Additionally, ensure that the organizations you partner with prioritize cybersecurity just as you do. Remember that the principle of least privilege—limiting the amount of access provided to only what’s necessary—applies to all insiders, including those in your supply chain. 

Not all MFA is created equal

When used as part of a complete approach to cybersecurity, MFA can prevent up to 99.9% of all automated cyberattacks and 75% of targeted attacks. However, a motivated threat actor can bypass certain MFA methods more easily than others with tactics such as SIM swapping and MFA fatigue. 

There are more secure MFA methodologies than sending codes via SMS or simple push prompts. We recommend instead using an authenticator app that provides you with a code through the app itself, or even a hardware token that complies with recent MFA standards.  

Visibility is critical

As we always say, you can't defend what you can't see.

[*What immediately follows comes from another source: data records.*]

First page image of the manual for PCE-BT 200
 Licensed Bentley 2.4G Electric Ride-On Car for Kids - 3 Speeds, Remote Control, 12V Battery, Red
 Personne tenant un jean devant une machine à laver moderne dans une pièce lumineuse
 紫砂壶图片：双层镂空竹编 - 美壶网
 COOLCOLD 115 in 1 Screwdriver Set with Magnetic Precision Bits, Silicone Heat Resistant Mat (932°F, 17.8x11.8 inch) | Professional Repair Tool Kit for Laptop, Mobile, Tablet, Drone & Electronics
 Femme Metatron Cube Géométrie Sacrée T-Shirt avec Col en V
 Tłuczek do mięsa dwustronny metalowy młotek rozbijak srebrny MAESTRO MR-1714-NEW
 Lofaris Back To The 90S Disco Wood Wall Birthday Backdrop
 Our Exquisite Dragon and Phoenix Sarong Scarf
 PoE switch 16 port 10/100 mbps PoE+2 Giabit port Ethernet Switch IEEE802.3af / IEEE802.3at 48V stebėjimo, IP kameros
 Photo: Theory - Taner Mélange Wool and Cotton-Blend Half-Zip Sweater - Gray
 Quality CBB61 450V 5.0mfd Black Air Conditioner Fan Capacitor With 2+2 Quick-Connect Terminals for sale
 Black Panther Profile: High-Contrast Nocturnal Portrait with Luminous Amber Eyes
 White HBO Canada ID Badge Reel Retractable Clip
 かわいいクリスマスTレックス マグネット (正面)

When attackers use legitimate credentials, bypass MFA, and use real administrative tools, they are difficult to detect. Their network activity would look real and may not trigger an alert.  

However, when a threat actor gains initial access to a network, they're not going to know anything about it on the inside. They’ll have to conduct well-known steps to conduct reconnaissance, move laterally, escalate privileges, and exfiltrate data. 

For each step, there are certain, recognizable commands that the attacker will try to run. The right cybersecurity solution will observe these events, recognize suspicious behaviours, and give businesses a far greater chance of preventing or containing the cyberattack.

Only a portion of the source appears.